Not as you put it. The form T-U is unconnected to the form t^2-x^2.

4. Sep 19, 2008

### Mentz114

Because we consider potential energy to be negative, T - U is the total energy. The Lagrangian will give the same dynamics if it is rewritten,

L = T + (K-U(x))

where K is a very large constant representing all the potential energy in the system.

I think the similarity in form to x2-t2 is coincidental.

5. Sep 19, 2008

### dx

Mentz,

T - U is not the total energy, I don't understand why you think that. Also, consider the Lagrangian of a string, where the particles are vibrating transversely.

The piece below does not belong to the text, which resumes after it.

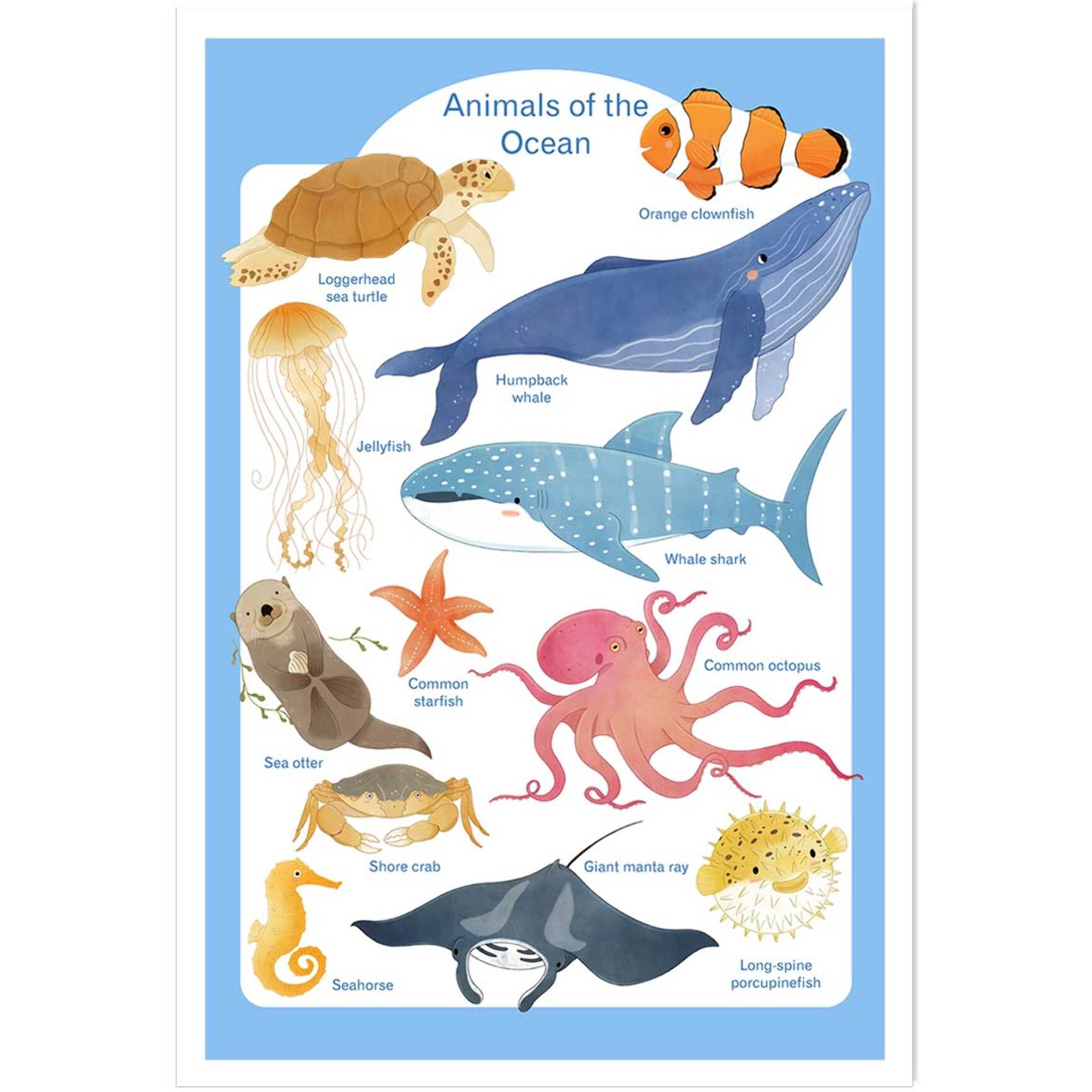 Affiche enfant animaux marins  Affiche seule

In appropriate units, it has the form

$$L = \frac{1}{2} \int (\frac{dy}{dt})^2 - (\frac{dy}{dx})^2 dx$$.

where the integrand is of the form $$(time derivate)^2 - (space derivative)^2$$, which also suggests an analogy with $$t^2 - x^2$$.

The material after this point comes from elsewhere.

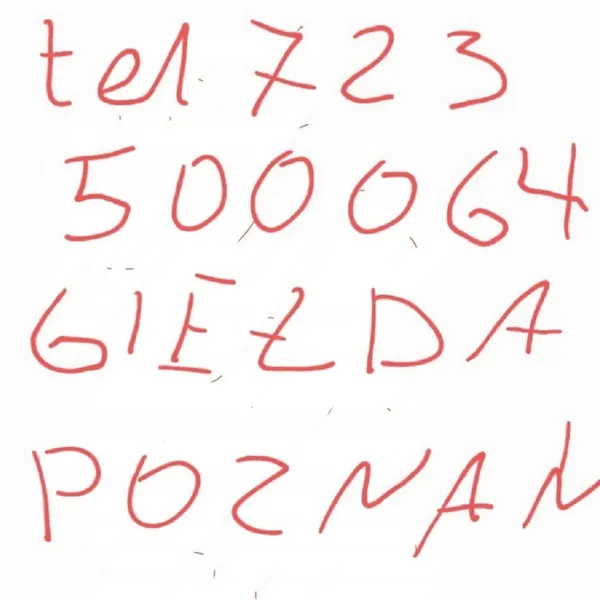 Hiilikuitupeilit Polo 6R 09- image 2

And yes I know $$L = T - U + K$$ where K is a constant will give the same dynamics, but notice that $$t^2 - x^2 + K$$ is also an invariant.

Last edited: Sep 19, 2008
6. Sep 19, 2008

### Mentz114

Dx,

yes, I was thinking of the Hamiltonian H = T + U for the SHO. Whoops.

To get back to your question. The invariance of x2-t2 under Lorentz transformations tells us about the symmetry of SR. If the form T - U is significant it will be related to a symmetry.

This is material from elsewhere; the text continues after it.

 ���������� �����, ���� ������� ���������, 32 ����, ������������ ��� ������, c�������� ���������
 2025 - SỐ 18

So, what transformations leave the dynamics of

$$L = \frac{1}{2} \int (\frac{dy}{dt})^2 - (\frac{dy}{dx})^2 dx$$

unchanged ?

M

Last edited: Sep 19, 2008
7. Sep 20, 2008

### atyy

I don't know exactly, but there is some sort of connection.

From the Lagrangian we get the Euler-Lagrange equations, which describe geodesic motion. In relativity, free particles and free photons move on geodesics, trajectories of extremal arc length, with arc length given by ds2.

See the discussion beginning at 3.4.3:
John Baez, Blair Smith and Derek Wise, Lectures on Classical Mechanics.
http://math.ucr.edu/home/baez/classical/texfiles/2005/book/classical.pdf

Last edited: Sep 20, 2008
8. Feb 4, 2009

### dx

I started this thread a long time ago, and the issue wasn't resolved to my satisfaction at that time. I have since found the relationship I was looking for. It is essentially an elaboration of what atyy said. I thought I would post it in case any one is interested. The question was whether there was any relationship between the Lagrangian expression $L = T - U$ and the proper time $s^2 = t^2 - x^2$, since they look formally similar and also the relationship between T and t, and U and x, is analogous. It turns out that there is indeed a very deep connection between the two, involving general relativity!

The law of motion in gravitational fields in general relativity says that the proper time along the correct path $\int ds$ is maximum. For a particle moving vertically on the surface of the earth, choose an arbitrary path $$h(t)$$. General relativity says that the relative rate of a clock is higher if the clock is higher in the gravitational field by an amount $gh/c^2$. If the clock is moving, then there is an additional change in the relative rate due to special relativity which is approximately $-v^2/2c^2$. Therefore, the condition that the proper time is maximum will be

$$\int ( gh - v^2/2 )dt = max.$$​

If you multiply this by $-m$, you get

$$\int ( mv^2/2 - mgh )dt = min,$$​

which is exactly the condition that the the action $\int (T - U) dt$ is a minimum. I found this in "The Feynman Lectures" (vol. II), if you want more details.